• Your task: Please return every line of the material verbatim and skip any images.

• Data below:

>>>>>

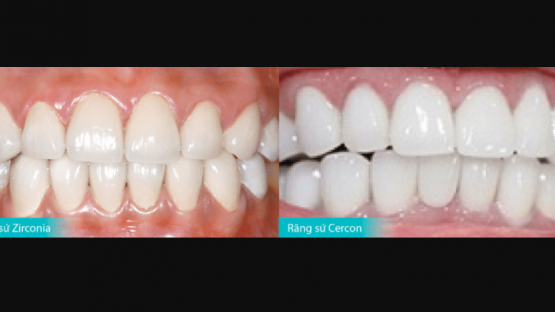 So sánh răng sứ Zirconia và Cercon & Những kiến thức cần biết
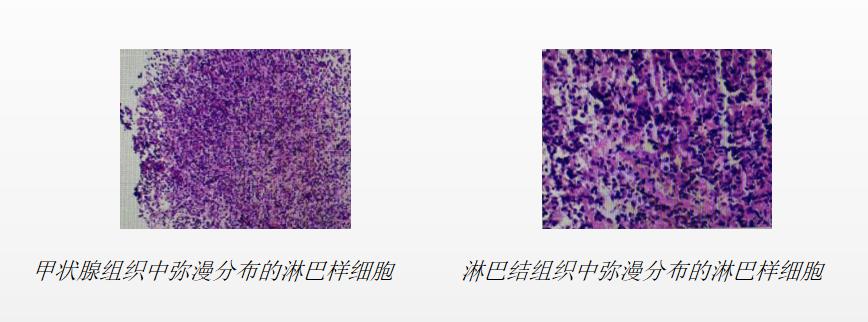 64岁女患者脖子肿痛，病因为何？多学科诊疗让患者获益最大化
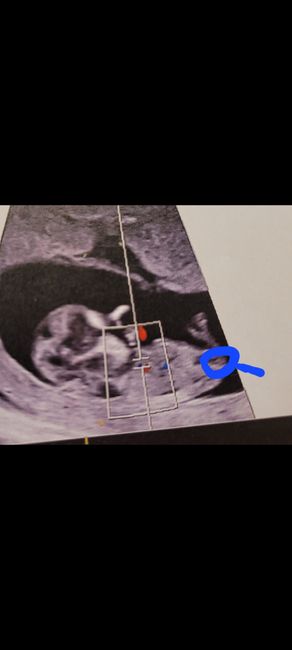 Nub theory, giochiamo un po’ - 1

<<<<<

• Response to the exercise:
 So sánh răng sứ Zirconia và Cercon & Những kiến thức cần biết
 64岁女患者脖子肿痛，病因为何？多学科诊疗让患者获益最大化
 Nub theory, giochiamo un po’ - 1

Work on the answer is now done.